◆ ACTIVITY
Nothing but the lines from the one that contains "Young couple having" through the end of the listing should appear, set down exactly.

◆ LISTED RECORDS
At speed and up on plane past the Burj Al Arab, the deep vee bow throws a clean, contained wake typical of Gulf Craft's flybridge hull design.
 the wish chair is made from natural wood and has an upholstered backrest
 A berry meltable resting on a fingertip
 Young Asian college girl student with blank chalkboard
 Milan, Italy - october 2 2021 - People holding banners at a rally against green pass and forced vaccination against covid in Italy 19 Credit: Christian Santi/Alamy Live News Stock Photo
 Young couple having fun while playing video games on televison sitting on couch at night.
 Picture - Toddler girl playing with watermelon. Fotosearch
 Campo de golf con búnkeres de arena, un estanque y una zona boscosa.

◆ WRITTEN SOLUTION
 Young couple having fun while playing video games on televison sitting on couch at night.
 Picture - Toddler girl playing with watermelon. Fotosearch
 Campo de golf con búnkeres de arena, un estanque y una zona boscosa.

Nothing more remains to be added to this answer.